Phil Sheridan: Bringing that which craves the shadows into the light

One of the unforeseen - and mixed - blessings of covering sports for a living has long been the need to become an instant "expert" in all kinds of areas.

One of the unforeseen - and mixed - blessings of covering sports for a living has long been the need to become an instant "expert" in all kinds of areas.

Business, if you're going to write about contracts and negotiations. Law, if you're going to write about labor issues and athletes accused or convicted of crimes. Ethics, if you're going to make sense of the gray areas surrounding performance-enhancing drugs and the efforts to weed them out. Medicine, if you hope to get a handle on injuries, surgeries, and long-term effects of concussions. Sociology and psychology, for many of the other issues surrounding the games.

The word expert was in quotation marks for a reason. You do your research, you do your best, you move on to the next day's crisis. It makes the job more interesting and more humbling. After all, most of us set out to write about sports because we enjoyed them, or because we admired the feats of our most gifted athletes - not to understand salary caps and collective bargaining and the ligaments in a knee and the effects of EPO and dianabol and designer steroids.

Certainly, no one got into sports writing to dwell on the issue of sexual abuse of children.

But that has somehow become the horrifyingly dominant story of a calendar year that cannot end soon enough.

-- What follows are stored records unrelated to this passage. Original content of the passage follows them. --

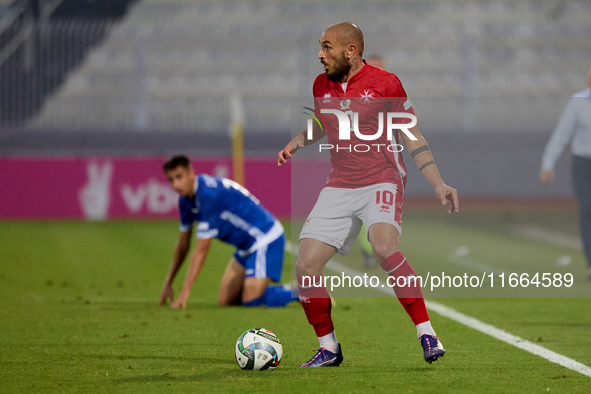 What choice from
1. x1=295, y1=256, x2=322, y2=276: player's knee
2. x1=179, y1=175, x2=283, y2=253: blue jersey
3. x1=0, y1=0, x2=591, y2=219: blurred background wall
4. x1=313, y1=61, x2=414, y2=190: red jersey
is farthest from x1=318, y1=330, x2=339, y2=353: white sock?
x1=0, y1=0, x2=591, y2=219: blurred background wall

From the moment the grand jury report on Jerry Sandusky was released, that topic was forced into the consciousness of millions of people who follow sports and millions more who don't. For those of us who write about sports, especially in this area, the Sandusky story and subsequent bombshells have forced us to think about the unthinkable every single day.

That has been a terrible thing. It has been a hard thing. By now, though, I guess I'm hoping it can become a positive thing. Bear with me on that part.

There have been three major episodes over the past couple months:

Sandusky's alleged abuse of a number of young boys, and the reactions of those around the Penn State football program, led to the removal of legendary coach Joe Paterno, the ouster of university president Graham Spanier, and criminal charges against two other administrators.

Before the fallout settled on that story, allegations against Syracuse basketball assistant coach Bernie Fine became public. Two former Syracuse ball boys accused Fine of molesting them over a period of years. There was more collateral damage: head coach Jim Boeheim said some idiotic and regrettable things when the accusations became public, and it turned out ESPN withheld knowledge of these accusations for nearly a decade.

Most recently, Philadelphia media icon Bill Conlin suddenly retired after public accusations that he molested at least seven children in the 1960s and 1970s. The longtime Daily News columnist and baseball writer went from the high of receiving the Frick Award from the Baseball Hall of Fame in August to the unfathomable depths of being disgraced and despised for being accused of some of the most despicable acts a human being can commit.

It's hard to say what was more breathtaking: the sharp falls from grace of the alleged perpetrators or the concept that jobs like assistant college coach and baseball writer gave these twisted men the aura of unassailable power that may have enabled them to carry out such evil behavior and cowed others from stopping them.

If convicted, Sandusky likely will die in prison. Fine will never coach again. Conlin's career ended in shame and his legacy is destroyed. Nothing can be done to redeem their reputations.

If there is going to be a positive, it can be found in the bravery of the alleged victims. By stepping forward, by telling their stories, by attaching their names in some cases, they are shattering the silence that enables predators and shifting the stigma from the innocent victims to the guilty and their enablers.

By testifying to the grand jury, the victims in the Sandusky case sent a message to every predator: You cannot use fear and guilt and power to destroy people any more. Those who see or hear something are much more likely now to do something.

The Sandusky case brought the Fine case, at long last, to public attention. And it led Conlin's accusers, frustrated by the statute of limitations on his alleged crimes, to tell their story to The Inquirer's intrepid Nancy Phillips.

While we have to respect the wish many victims have for anonymity, we must celebrate those who willingly put their names out there. That important step toward removing the stigma from the innocent is also a step out of the darkness and into the light. Predatory behavior like this lives in the darkness.

If the Sandusky and Fine cases forced sports writers to go after powerful men and institutions, the Conlin case forced us to recognize that this can happen much closer to home - much too close for comfort.

That is the sad but necessary lesson of 2011, a year that cannot end soon enough.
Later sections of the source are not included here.